# Residential Roofing Production Rates



## RoofingMarketer (Nov 15, 2013)

I am a product manager for a roofing products distributor and I'm doing some market research on typical production rates in the residential roofing market. I read recently on roofcalc.org that for an average residential roof (asphalt, rip and install on a ranch house) of 15sq that a crew of 6 could complete the job in 8 hours. If you do the math you arrive at a number of 0.09 hrs per worker per square or 0.3 sq per worker per hour.

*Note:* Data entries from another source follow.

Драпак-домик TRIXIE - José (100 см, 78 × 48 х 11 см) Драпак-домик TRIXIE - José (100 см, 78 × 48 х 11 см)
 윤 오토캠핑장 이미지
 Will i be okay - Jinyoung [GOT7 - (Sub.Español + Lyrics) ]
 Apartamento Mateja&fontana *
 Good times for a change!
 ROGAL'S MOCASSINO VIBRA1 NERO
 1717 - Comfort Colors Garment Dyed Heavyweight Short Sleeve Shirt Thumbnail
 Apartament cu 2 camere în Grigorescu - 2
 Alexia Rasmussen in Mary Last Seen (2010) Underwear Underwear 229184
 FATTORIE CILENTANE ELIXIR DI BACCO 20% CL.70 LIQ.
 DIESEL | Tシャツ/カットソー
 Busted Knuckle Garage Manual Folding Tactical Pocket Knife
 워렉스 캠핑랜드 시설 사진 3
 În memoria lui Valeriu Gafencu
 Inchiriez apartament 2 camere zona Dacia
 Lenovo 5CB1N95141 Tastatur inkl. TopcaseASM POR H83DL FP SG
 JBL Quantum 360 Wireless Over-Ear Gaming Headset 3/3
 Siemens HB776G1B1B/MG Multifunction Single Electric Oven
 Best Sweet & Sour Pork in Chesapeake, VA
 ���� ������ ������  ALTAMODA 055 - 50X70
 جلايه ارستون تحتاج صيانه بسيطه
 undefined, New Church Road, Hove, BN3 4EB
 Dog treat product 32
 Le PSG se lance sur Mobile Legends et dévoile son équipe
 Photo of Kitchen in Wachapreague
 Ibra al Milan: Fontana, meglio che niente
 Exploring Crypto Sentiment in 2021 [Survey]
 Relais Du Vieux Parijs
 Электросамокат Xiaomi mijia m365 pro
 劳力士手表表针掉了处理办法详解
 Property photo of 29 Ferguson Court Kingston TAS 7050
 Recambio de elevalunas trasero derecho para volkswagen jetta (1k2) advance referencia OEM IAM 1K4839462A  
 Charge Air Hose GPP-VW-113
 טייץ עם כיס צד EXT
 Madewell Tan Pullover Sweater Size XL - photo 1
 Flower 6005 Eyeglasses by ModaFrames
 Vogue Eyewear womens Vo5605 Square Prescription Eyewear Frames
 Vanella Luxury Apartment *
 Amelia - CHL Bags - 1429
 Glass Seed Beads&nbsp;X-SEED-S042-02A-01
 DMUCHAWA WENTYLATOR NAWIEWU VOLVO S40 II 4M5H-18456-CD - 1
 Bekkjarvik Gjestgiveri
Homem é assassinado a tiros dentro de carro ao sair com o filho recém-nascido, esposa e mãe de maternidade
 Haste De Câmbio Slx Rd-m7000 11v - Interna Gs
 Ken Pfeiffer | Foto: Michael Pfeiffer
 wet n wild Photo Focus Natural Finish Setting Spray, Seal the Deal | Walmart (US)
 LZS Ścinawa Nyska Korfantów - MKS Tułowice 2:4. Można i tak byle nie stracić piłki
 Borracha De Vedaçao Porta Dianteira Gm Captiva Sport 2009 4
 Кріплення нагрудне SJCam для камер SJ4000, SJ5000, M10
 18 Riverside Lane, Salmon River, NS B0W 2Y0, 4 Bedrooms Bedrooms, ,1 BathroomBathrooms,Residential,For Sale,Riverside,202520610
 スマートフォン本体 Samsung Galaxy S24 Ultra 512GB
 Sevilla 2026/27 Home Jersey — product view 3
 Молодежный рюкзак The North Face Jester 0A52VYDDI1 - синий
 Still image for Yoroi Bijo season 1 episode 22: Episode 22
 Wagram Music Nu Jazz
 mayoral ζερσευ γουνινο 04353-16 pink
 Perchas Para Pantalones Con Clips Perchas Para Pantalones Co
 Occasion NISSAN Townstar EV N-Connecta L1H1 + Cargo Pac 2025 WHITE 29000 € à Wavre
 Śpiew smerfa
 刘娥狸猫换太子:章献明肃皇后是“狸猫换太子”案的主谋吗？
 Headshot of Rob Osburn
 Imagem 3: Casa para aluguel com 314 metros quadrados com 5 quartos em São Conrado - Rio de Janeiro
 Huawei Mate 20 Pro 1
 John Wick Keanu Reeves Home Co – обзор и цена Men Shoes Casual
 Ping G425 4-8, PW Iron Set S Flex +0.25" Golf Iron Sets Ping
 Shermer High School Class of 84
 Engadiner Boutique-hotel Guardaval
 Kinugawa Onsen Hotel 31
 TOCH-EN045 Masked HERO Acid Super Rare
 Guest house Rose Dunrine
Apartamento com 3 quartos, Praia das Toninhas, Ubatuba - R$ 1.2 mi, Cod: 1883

I know there are a lot of assumptions in the numbers above but from what I've read and from the contractors I've talked to it seems pretty solid. What I'm trying to understand is the breakdown between the tear-off and the install rates. I'd like to be able to arrive at average/typical values for the following:

How long it takes for a single man to tear off a square (single layer) and vice versa how many squares a single man can tear off per hour.

How long it takes for a single man to install a square and vice versa how many squares a single man can install per hour.

I'm hoping that some of you can help me based on your experience. How long would it take your typical crew (please tell me how many guys are doing the work) to do the tear-off on a 15sq roof versus how long it would take them to install the new roof? Let's assume that there is no simultaneous tear-off/installation activity going on. Once I have those numbers I can crunch the rest. Thanks in advance for any input!


----------



## roofermann (Jul 7, 2012)

On a walkable (-6/12) with close access for the dump and 1 layer to tear off and no wood to fix or chimneys to flash, we can do a 22 sgr in 8hrs with 5 guys.:thumbup:


----------